Autoriser sa compagnie d’assurance à surveiller sa conduite afin d’obtenir une diminution de sa prime est tentant, mais c’est lui fournir beaucoup d’informations qui vont au-delà de ce service. De même que les innombrables applications utilisant la géo-localisation, parfois sans même en demander l’autorisation.
Une étude du Pew Research Center américain a montré en début d’année que les Américains étaient assez mitigés à l’idée de partager des renseignements personnels. Mais, en intéressant la partie, les acteurs de ces intrusions grignotent petit à petit du terrain.
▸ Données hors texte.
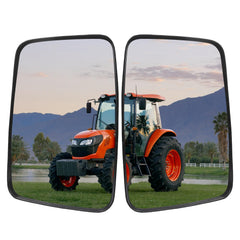 2 PCS Rear View Mirror Wide Angle Curved Mirror Compatible with Kubota Tractor B2650, L4740, LX2610, M-120, M100X, M105, M125X, M4-071, M4900, M4D-061, M4D-071 Replaces# 3F260-53342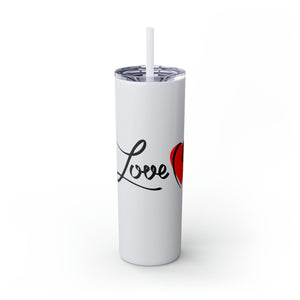 Skinny Tumbler with Straw, 20oz Mug Printify Glossy Glitter Iceberg 20oz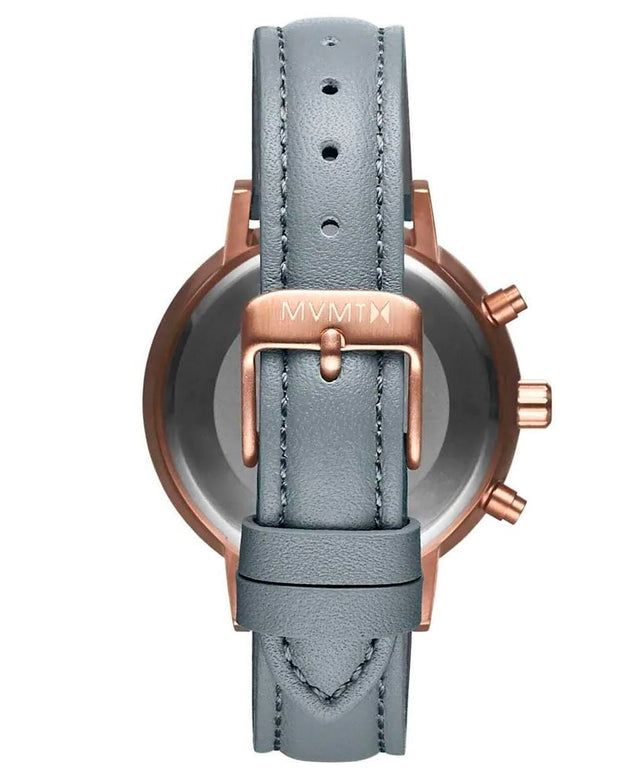 Gray Leather Watch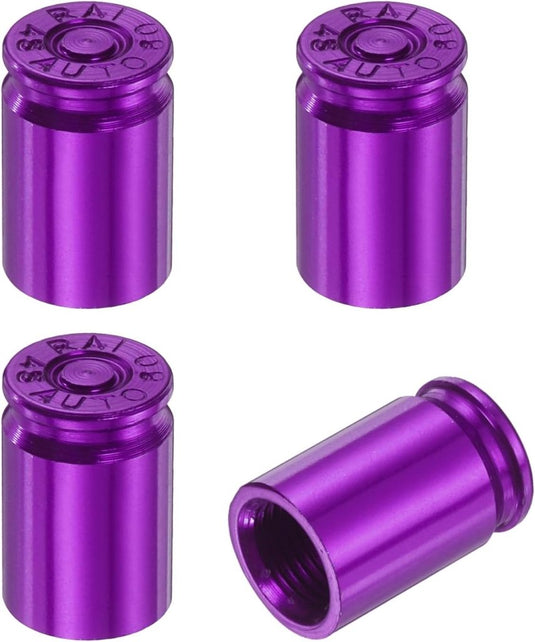 Ventieldoppen 4 stuks 16 x 10 mm van aluminium paars – bandendoppen – fiets auto accessoires - happygetfit.com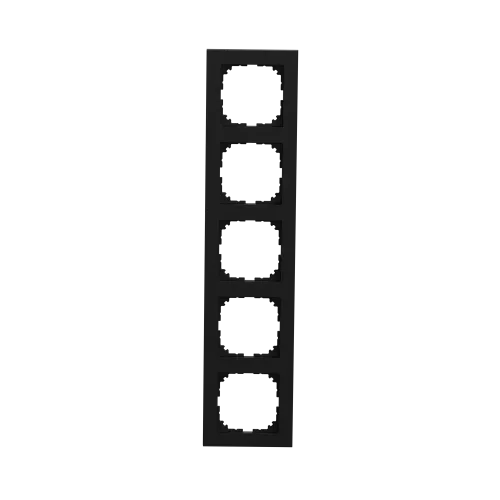 Рамка M-Pure, 5 постов, матовый чёрный MEG4050-3603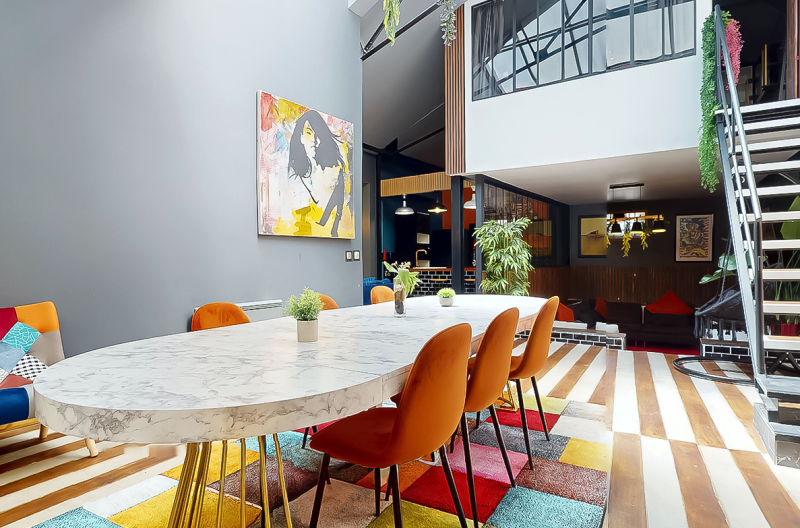 renting a loft for a film shoot in the center of Paris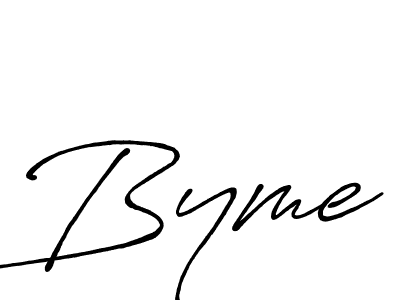 Design your own signature with our free online signature maker. With this signature software, you can create a handwritten (Antro_Vectra_Bolder) signature for name Byme. Byme signature style 7 images and pictures png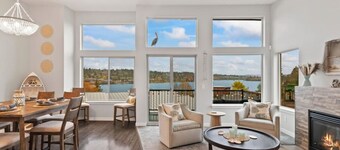 The Sound Landing w/ Beach Access & Theater Room!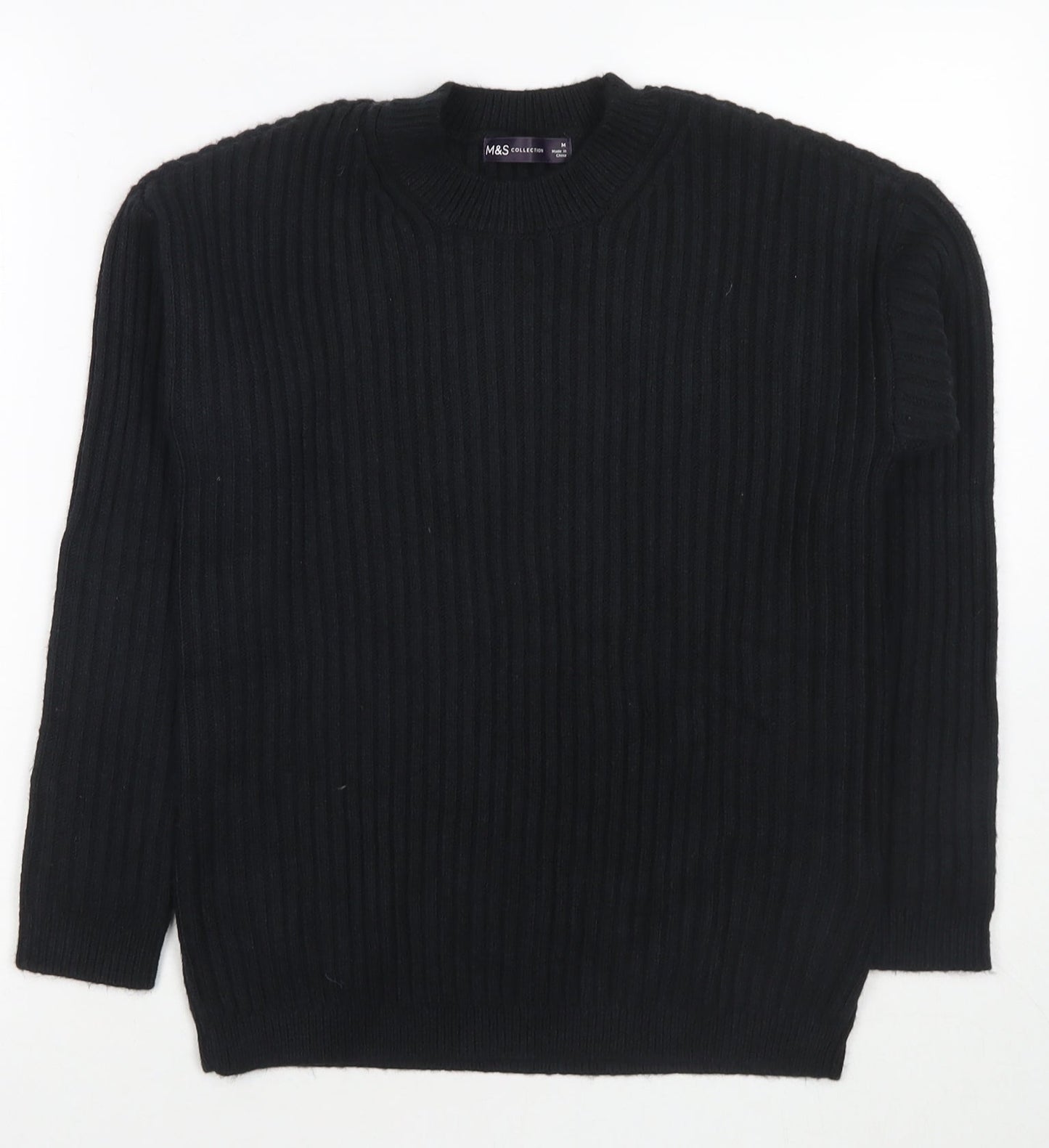 Womens UK Size M Marks and Spencer Black Pullover Jumper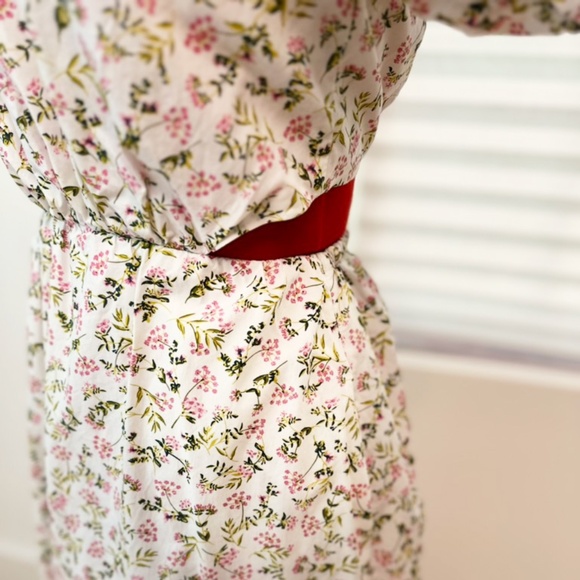 J Crew Cutout Dress In Meadow Floral - Picture 5 of 11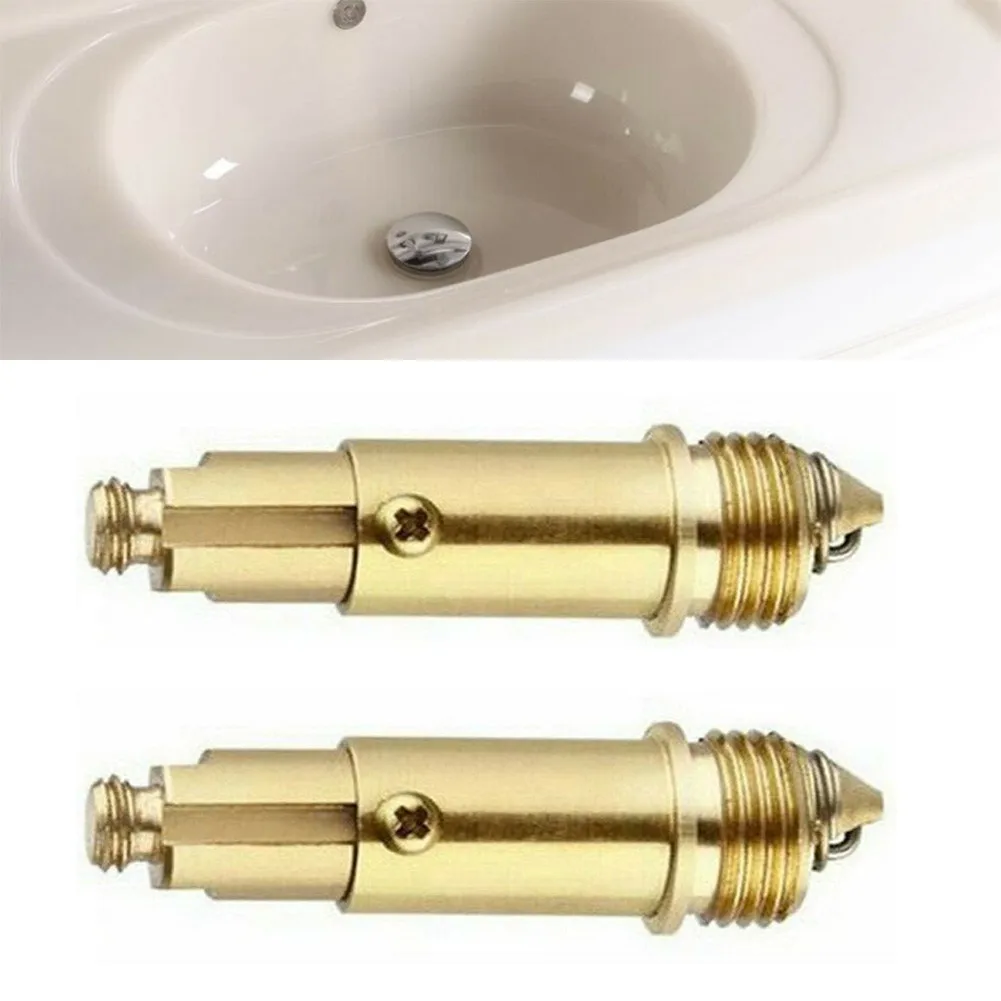 

Home Brass Push Bolt M8/M16 1pcs 26g Basin Click Clack Waste Internal Spring Mechanism Spring Core Thick Plating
D’après Pew, 47% des Américains sondés sont d’accord pour que leurs achats soient enregistrés s’ils peuvent ensuite bénéficier d’un rabais, et 32% y sont opposés.
Les jouets permettent aussi de recueillir des photos, enregistrements de voix, dates anniversaires, adresses e-mail ou comptes Facebook, qui sont stockés par les fabricants et dont les hackers peuvent s’emparer. Faisant des enfants des cibles marketing toutes trouvées, une fois les fichiers dérobés commercialisés.
Les intrusions peuvent être particulièrement sournoises, d’autant plus efficaces qu’elles opèrent secrètement. C’est le cas de l’application Silver Push, de la famille des cross-device tracking, qui émet des signaux inaudibles à l’oreille humaine durant la transmission télévisée des spots publicitaires afin de recueillir les données décrivant l’utilisation d’équipements pourvus de la même application. Ni vu, ni connu, car Silver Push refuse de communiquer le nom des entreprises qui utilisent sa technologie.
« Objets inanimés, avez-vous donc une âme … ? » Pas encore, mais ils ont déjà l’intelligence du portefeuille.